EDWARD RONNS – Catspaw Ordeal. Gold Medal #133, paperback original, November 1950. Also: Gold Medal, #766, May 1958.

   This was the third book Ronns had published by Gold Medal, the two earlier ones being Million Dollar Murder (Gold Medal #110) and State Department Murders (Gold Medal #117), all three published right after each other in 1950. The first Gold Medal to appear under his own name, Edward S. Aarons, Escape to Love, appeared in 1952, and the first in his long series of Sam Durell spy novels was Assignment to Disaster, came out in 1955.

   There’s no spy activity in Catspaw Ordeal, however. It takes place in the wealthy southeastern corner of Connecticut, popularly know as the state’s Gold Coast, where Danny Archer, as in all true noir novels, finds himself in a perfect storm of double (or triple) disasters, none of which (in this case) are his fault. It’s only how he decides to handle them that makes this noir, where he finds himself off stride from the first event, making him an easier victim to the others.

   And causing him to make bad decisions. After an argument with his wife who then leaves him, two people from his past unexpectedly enter his life again, one of them the girl he was in love with at one time, the other a good friend whom he presumed dead after an attack at sea during World War II. Turns out that he’s alive, and not very much of a friend any more.

   Quite a few bodies turn up in this book, and Archer is hard pressed to stay ahead of the police, who are hard on his heels throughout most of the tale. By the time the ordeal is over, Archer is more than happy to settle down in peaceful but dull suburban life. His restlessness is cured for good.

   Even though Connecticut is far removed from the exotic places that Sam Durell’s adventures took him later, the descriptions of the sights and sounds of suburban life are picturesque and very effective. What doesn’t work out quite as well is the mystery itself, as even with most of the threats against having been nullified, the identity of the primary killer remains to be solved.
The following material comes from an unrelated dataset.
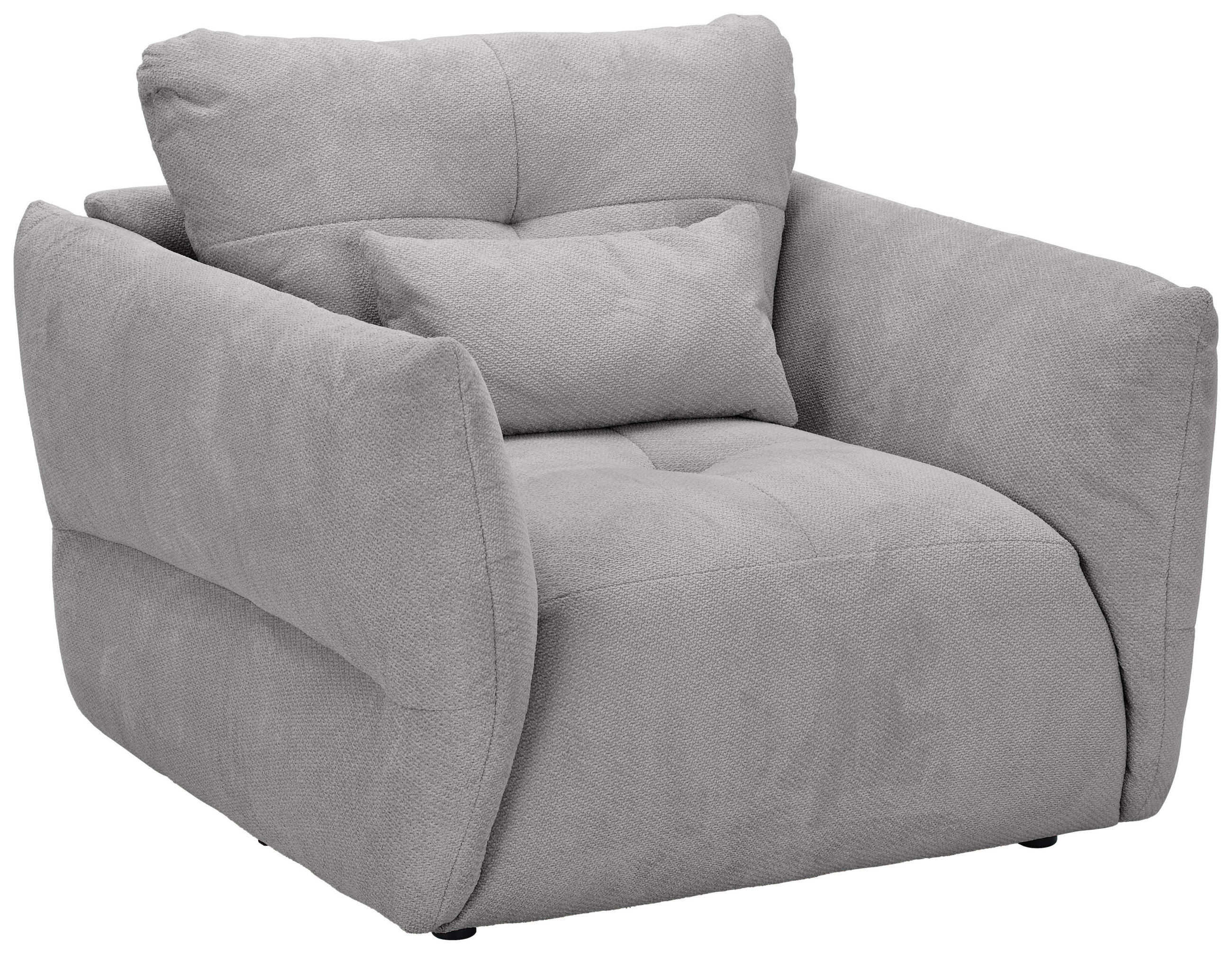 SESSEL in Webstoff Grau  - Schwarz/Grau, KONVENTIONELL, Textil/Metall (112/88/120cm) - Carryhome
   Ronns puts it off as long as possible (otherwise of course the book would be a lot shorter than it is) but it’s not done as smoothy as it should have been. The book is told in the third person, but solely from Archer’s point of view, and given that Archer knew what we the reader aren’t told at the beginning, it seems as though he should have known the killer a lot earlier than he says he did.